19 Being aware of God, you can benefit even from enduring pain while suffering unjustly. 20 If you are punished for doing wrong, what honor do you gain standing firm? However, if you endure suffering while doing right, you gain God's approval. 21 For you were called for this - that Christ also suffered and for you. Furthermore, He left you an example so you could follow in His ways. 22 He never sinned nor was deceit found in His mouth. 23 He was insulted and did not return the insult. He suffered but did not threaten (those at whose hands He suffered). Instead, He handed over Himself to the One who judges justly. 24 He Himself bore our sinfulness in His body on the cross. He did so to obliterate our sinfulness so that righteously we live. By His wounds we are healed. 25 For you were like sheep wandering astray. Yet, you returned to the Shepherd and Guardian of your lives.


When Americans today suffer any adversity or, indeed, feel any pain in the least, we tend to look for the unfairness of it. Furthermore, we are "scorekeepers" of the first order. We could benefit much more if we would concentrate on becoming more and more constantly aware of God, God's presence and God's activities even in our days and times. God's activities reach their ultimate in Jesus' passion and death, to say nothing of the resurrection, as does the text. Living for righteousness moves us through to process on toward the goal of our reversal from our habitually going astray. Such reversals are of a magnitude for those of us who are, for the most part, and certainly on the surface, appear to be, smugly satisfied with our lives' directions and accomplishments. Focusing more on God and on the Christ event could relieve us of our fantasies relative to our pretended goodness, etc.


A Good Place To Come Back To

Used by permission from Lectionary Tales for the Pulpit by Merle G. Franke.

      The small town in Oklahoma where George and Kathy raised a daughter and a son was not a stronghold of the Roman Catholic faith. But George and Kathy were faithfully raised as Roman Catholics, and they were determined to bring up their two children in the same manner. They brought them for baptism to the small parish where they belonged when each was a wee infant. That fact in itself was a puzzle to most of the townsfolk, who were members of either the Baptist Church or the Church of Christ, neither of which practiced infant baptism.

      First Communion at age seven and parochial school starting with the first grade. Taught by nuns. All the good stuff faithful Roman Catholic kids are supposed to do learn from the time they could learn.

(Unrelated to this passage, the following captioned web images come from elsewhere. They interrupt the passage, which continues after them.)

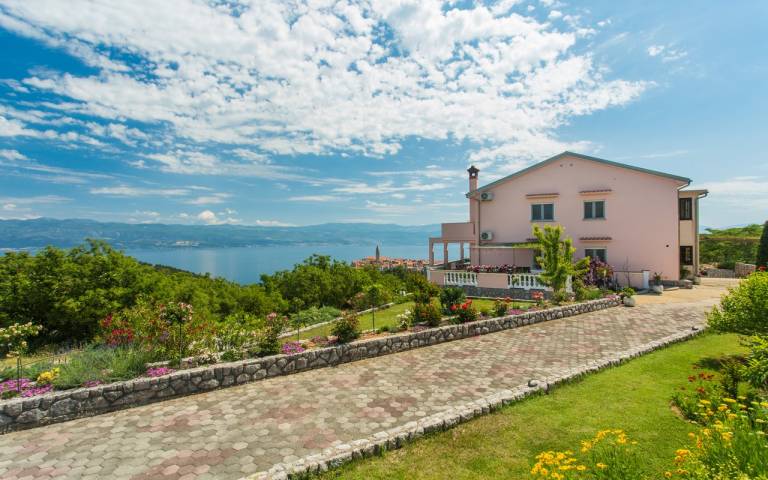Ferienwohnung in Vrbnik, Risika für max. 2 Personen, Ferienwohnung in Vrbnik, Risika für max. 2 Personen,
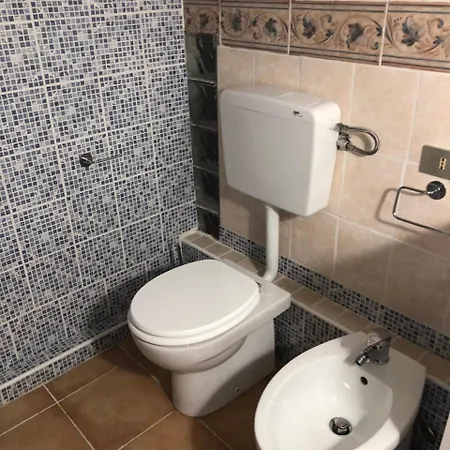 洛坎达比特莱斯旅馆 招待所 圣雷默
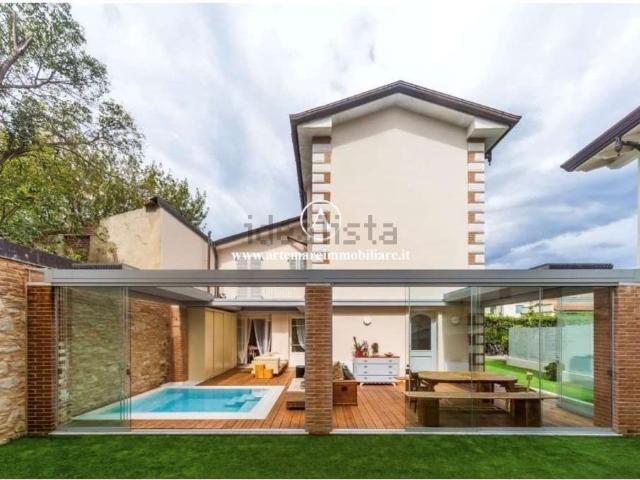 Villetta bifamiliare in vendita di 237 m² in Via Trento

They were shining examples of what Catholic parents expected of their children.

      But that little Oklahoma town was also a breeding ground of cultic groups. Strange and distorted offshoots of Christianity grew like weeds in that small community; no one knew exactly why. It was a puzzle to the good Baptists and Church of Christ folks and to the small cadre of Roman Catholics in town.

      Even more of a puzzle was why they were an attraction to some of the young people. The son and daughter of George and Kathy were under the spell of one particularly weird cult. They left their parents stunned and hurt one evening as they announced that they were renouncing not only their Roman Catholic upbringing, but also their family name. "We're starting over with a new religion, and it's going to save the world," they told their parents - almost as though that statement had never been made before.

      When it became obvious after a few weeks that George and Kathy couldn't get to first base trying to persuade their two teenagers otherwise, the parents went to their priest. "Father Baker, we're at our wits' end. We don't know where to turn next," they said wearily. "Is there anything you can do?"

      Father Baker paused before answering. "This has happened here before," he said, "many times, to members of our parish as well as to those of some other churches in and around town. I'm as stumped as you are. But I've learned one thing; that is, you can't argue them out of it. The more you try to argue with them, the more determined they are to stay with whatever group they've hooked up with."

      "Are you saying," George questioned, "something like Jesus said - that is, the only way you can deal with this is by prayer? He said something like that, didn't he?"

      Father Baker agreed, "Yes, that's close enough. And I think that's right. We will pray about it, and I'm sure you are doing the same. Let's not minimize the power and effect of prayer in this kind of situation."

      "We always thought we raised them in the right way in the Catholic faith," Kathy said with some resignation in her voice.

      "Believe me, you did," Father Baker replied. "And I've been around long enough t believe that the seeds you and the church planted in them will bear fruit. I believe some day we'll see them return - to you, and to the church. The faith we teach is, after all, a good place to return to."